Environmental Vulnerability and the Literary Imagination
Time: 13:10-15:00, 20 March 2023
Venue: L406, Tamkang University
Speaker: Scott Slovic (University Distinguished Professor of Environmental Humanities, University of Idaho, USA)
Moderator: Kuo, Chia-chen (Associate Professor, Department of English, Tamkang University)
Abstract:
The human mind has limited ability to embrace the meaning of ecosystemic vulnerability, but immense capacity to appreciate the frailty of individual nonhuman organisms, which exhibit precarity akin to our own. Even inhumanly strong and durable natural beings—such as whales, primates, and redwood trees—are legible to us as fellow “vulnerables,” individual, mortal, and representative of species susceptible to suffering, population decline, and/or possibly even extinction.
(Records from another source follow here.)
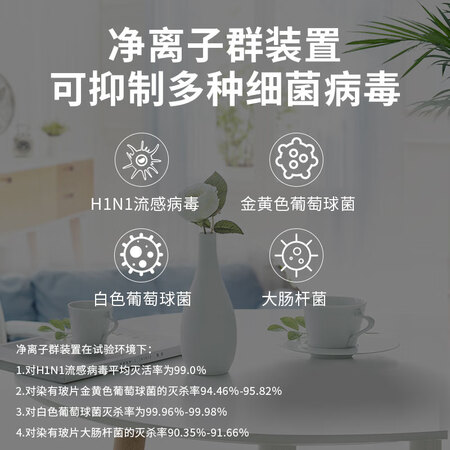 夏普KC-WB6-W1怎么样?谁用过评价?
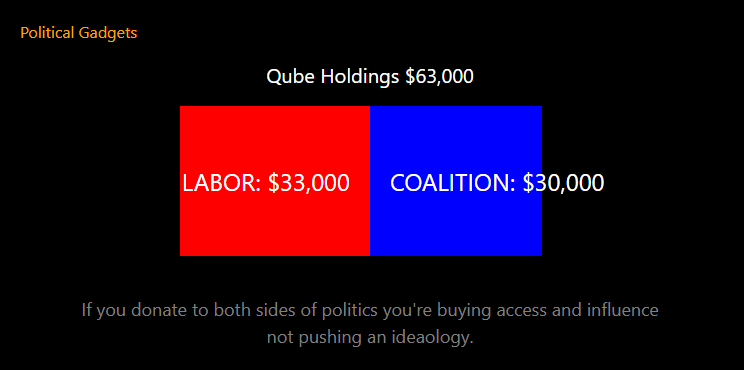 Double donors chart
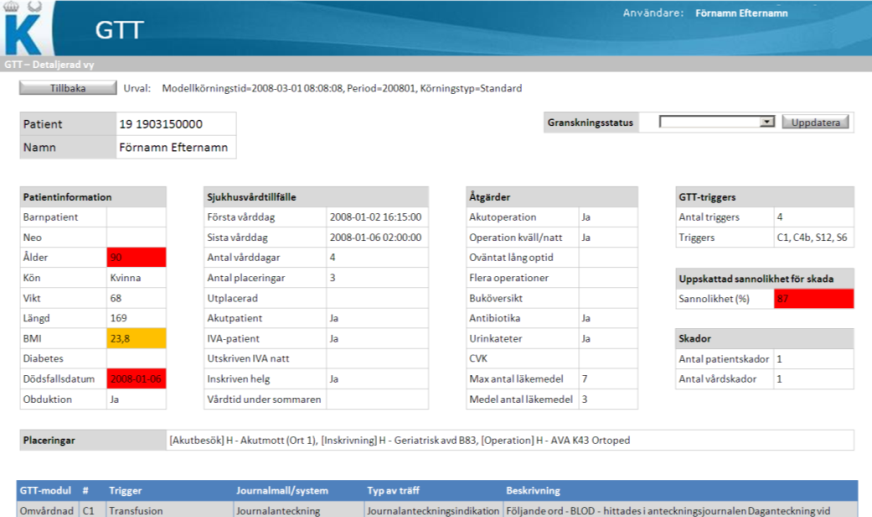 Operativ rapport för djupgranskning Läkare och sjuksköterskor får en övergripande bild av patienten, triggerinformation om var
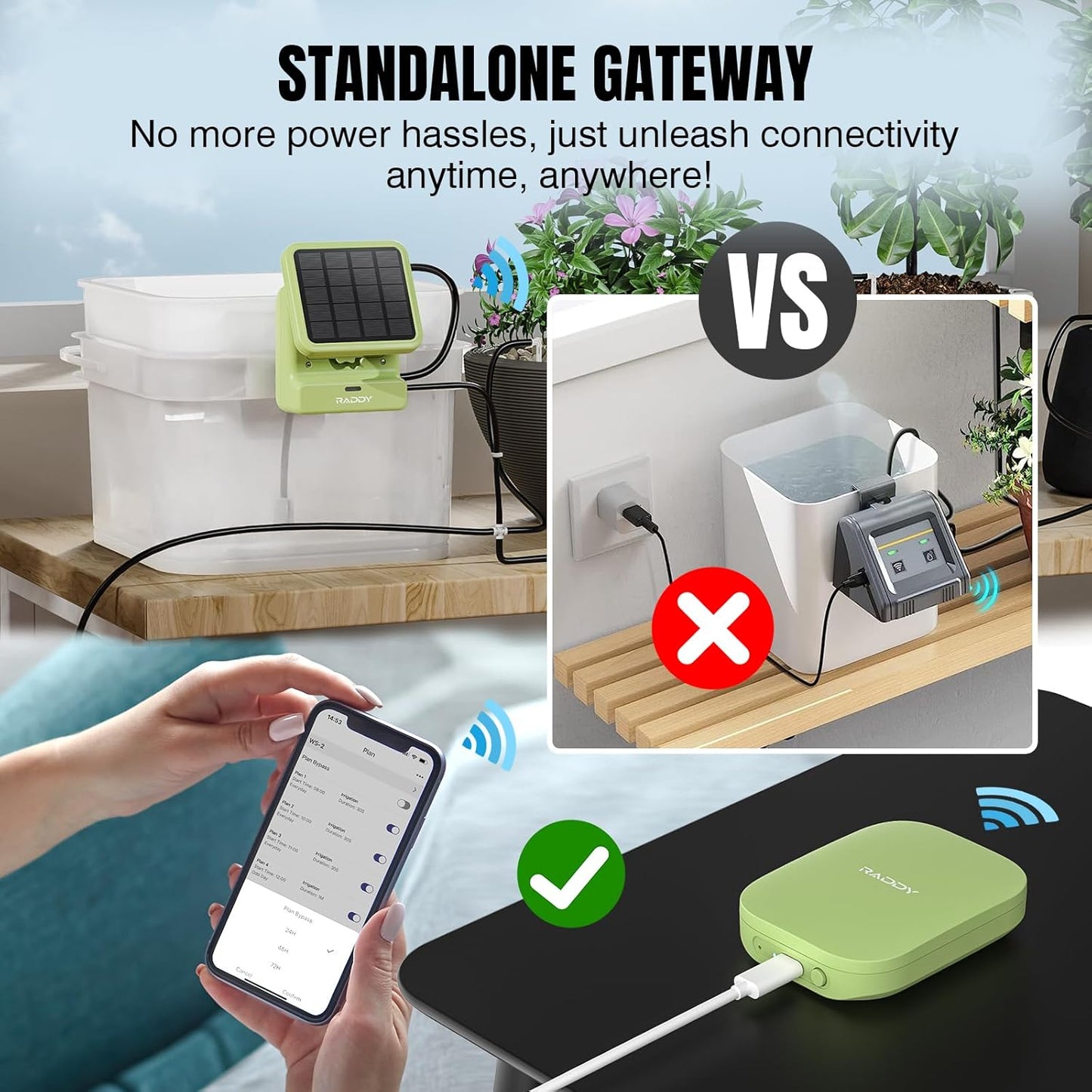 Raddy WS-2 Wi-Fi Automatic Watering System, Solar Drip Irrigation System, APP Control with Flexible Mini Hub, Water Shortage Alert, 2600mAh Built-in Battery, Easy DIY for Potted Plants, Balcony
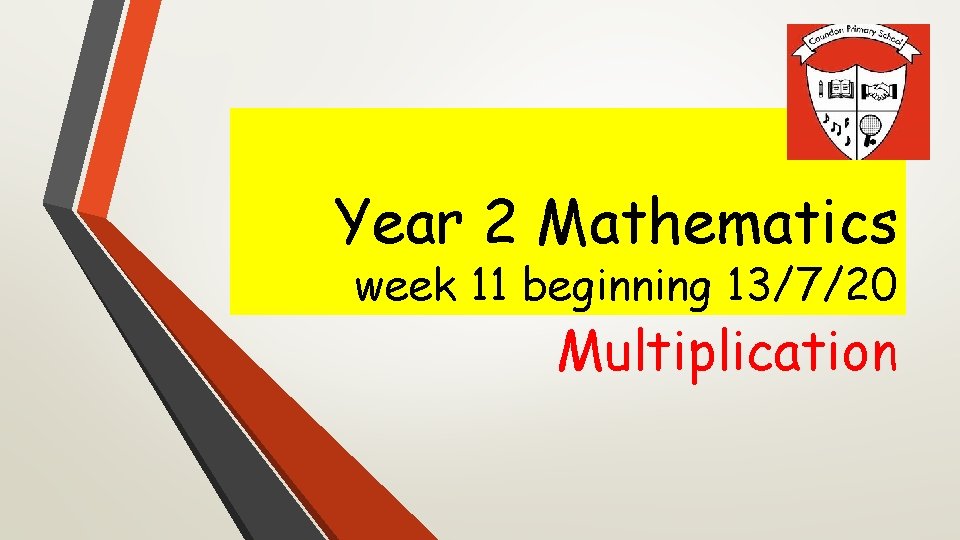 Year 2 Mathematics week 11 beginning 13/7/20 Multiplication 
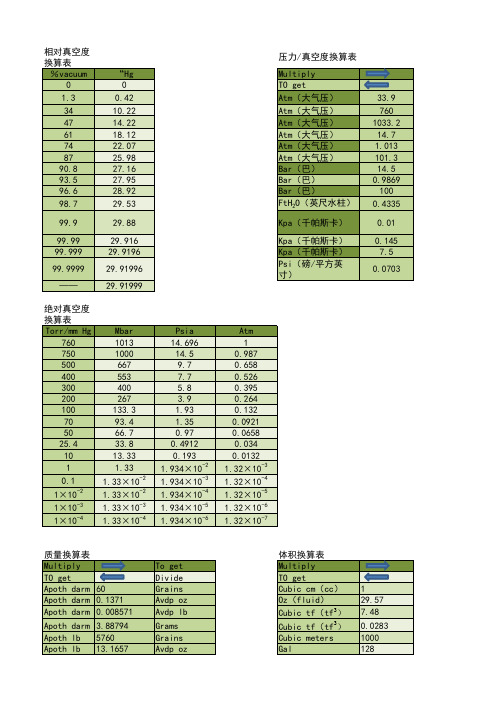 常用单位换算表——相对、绝对真空度换算表,质量、体积换算表等等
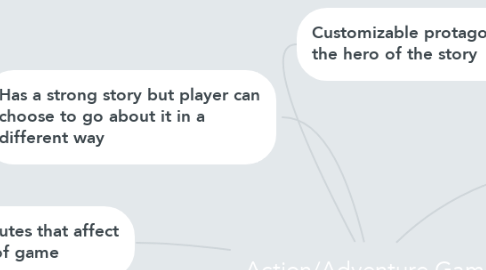 Mind Map: Action/Adventure Game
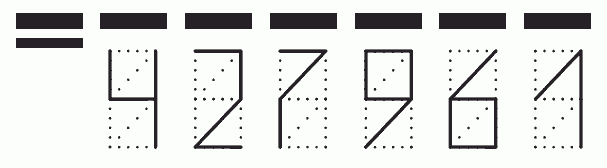 Пример заполнения индекса 427961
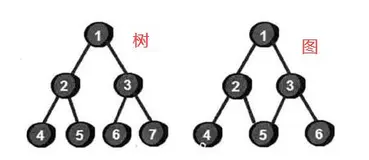 堆 最小堆 最大堆 堆排序(小到大，大到小)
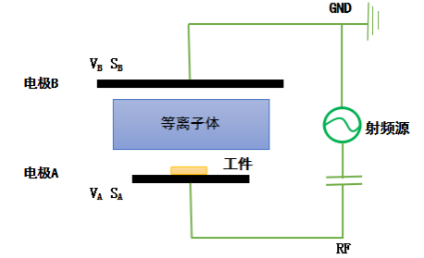 香蕉视频APP破解版成人香蕉视频在线观看设备阴极和阳极电极板面积不对称时的放电示意图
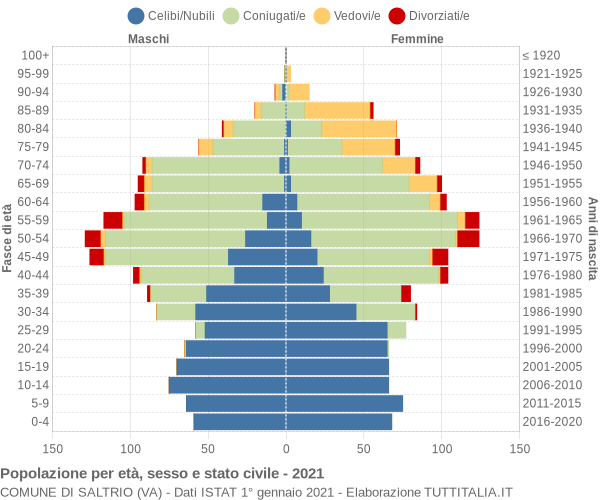 Grafico Popolazione per età, sesso e stato civile Comune di Saltrio (VA)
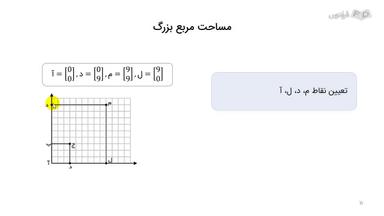 ذکر مثال کاربردی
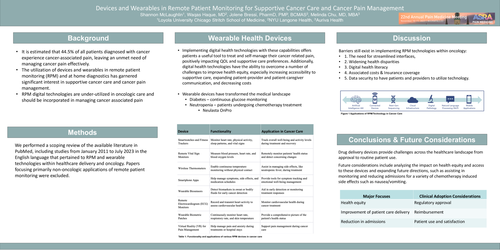 Preview of DEVICES AND WEARABLES IN REMOTE PATIENT MONITORING FOR SUPPORTIVE CANCER CARE AND CANCER PAIN MANAGEMENT
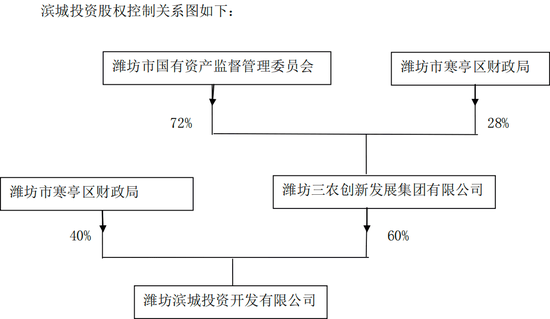 1.8亿屡“爽约”！这家公司原实控人遭警示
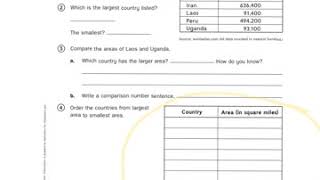 Everyday Math, 4th Grade Home Links 1.2 Country Sizes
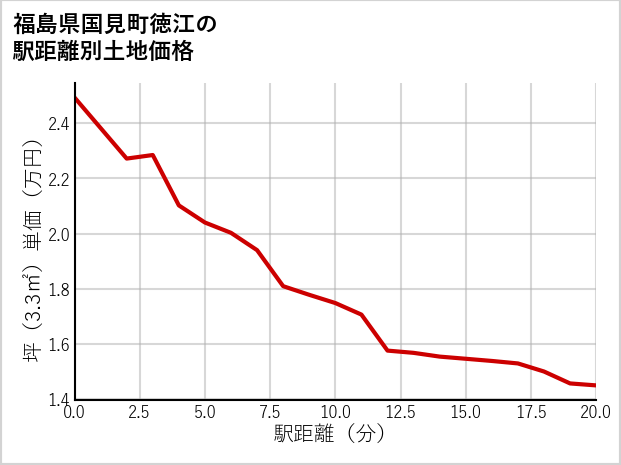 福島県国見町徳江の徒歩距離別の土地坪単価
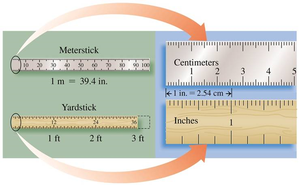 Meterstick, yardstick, and ruler showing metric and US units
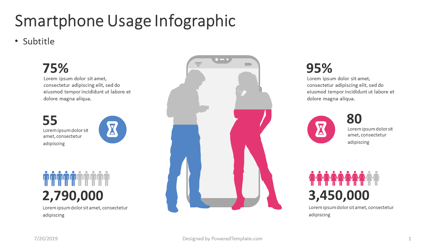 Smartphone Usage Infographic Presentation Template, Master Slide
Such psychological tendencies as speculative empathy, empathetic self-projection and self-erasure, and metaphorical emulation are aspects of what social scientists and communication scholars have dubbed “the arithmetic of compassion.” This lecture will explore these tendencies in such literary works as Annie Dillard’s Holy the Firm (1977), Dale Peterson and Jane Goodall’s Visions of Caliban: On Chimpanzees and People (1993), Julia Butterfly Hill’s The Legacy of Luna: The Story of a Tree, a Woman, and the Struggle to Save the Redwoods (2000), Marybeth Holleman’s “How to Grieve a Glacier” (2018), Kim Stanley Robinson’s The Ministry for the Future (2020), and Amy Donovan’s “Raw, Dense, and Loud: A Whale’s Perspective on Cold Water Energy” (2022). What’s at stake in our potential to grasp the vulnerability of the other, with the aid of sophisticated literary communication strategies, includes the possibility that we might glimpse our own potential oblivion on the horizon before it’s too late to choose a different path.